Related to Figure 3.


We next used this assay to test the effects of bilateral STN inhibition on surprise-induced interruption. Here, surprise was presented on 50% of self-initiated bouts, following the second lick and with a 100 ms delay. For half of these (25% of all trials), the laser was activated by the first lick in the bout without delay, thus preceding the sound/light stimulus by ~200 ms on average (Figure 3D and Figure 2—figure supplement 2A). As expected, surprise (without laser) interrupted licking, increasing the proportion of bouts with <3 licks for both YFP- and Halo-expressing groups (Figure 3E) and shifting the response distribution toward fewer licks per bout (Figure 3F–G) [NOTE: we assess <3 licks due to the 100 ms delay following the second lick]. Critically, however, on bouts where surprise was preceded by laser, we found a reduction in the number of short bouts in the Halo group compared to YFP control mice (Figure 3E and Video 3). This effect was observed repeatedly, with STN inhibition blunting the interruptive effects of surprise across several similar experiments and multiple cohorts (Figure 3—figure supplement 1H). These data show that STN inhibition reduced the disruptive effect of surprise on licking behavior, indicating that STN activity is necessary for normal surprise-induced interruption.

Video 3
Movie showing example of STN-inhibition blocking surprise-induced interruption of licking.
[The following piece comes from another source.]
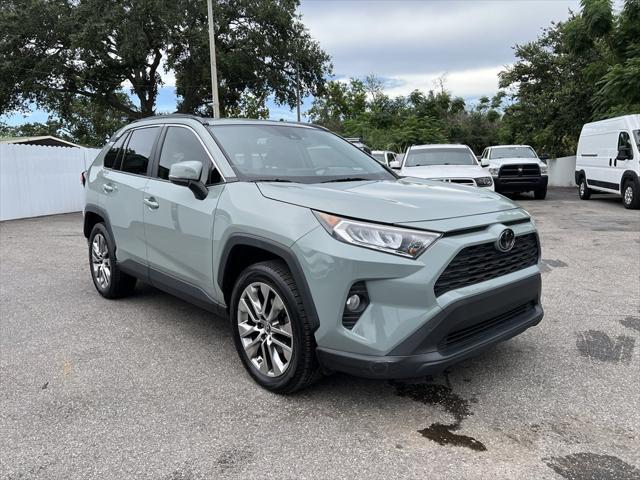 Photo of 2019 Gray Toyota RAV4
Related to Figure 3. Note that light-leakage was blocked during data acquisition, but left unblocked as a visual aid for this example movie.



We showed that optogenetic stimulation of the STN, delivered after the second lick in a bout, rapidly interrupted or paused licking. The interruption occurred even when the optogenetic stimulation was brief (50 ms) or delivered at low power (0.5 mW), supporting the specificity of this manipulation and suggesting that behavior can be rapidly and potently interrupted by transient increases in STN output. While these observations are consistent with activating an STN-mediated stop/pause system, it is also possible that STN stimulation induced independent effects, such as inducing new fragments of behavior that competed with licking. Additionally, without in vivo recordings from STN neurons during behavior, we cannot be certain how optogenetic manipulation changed STN activity.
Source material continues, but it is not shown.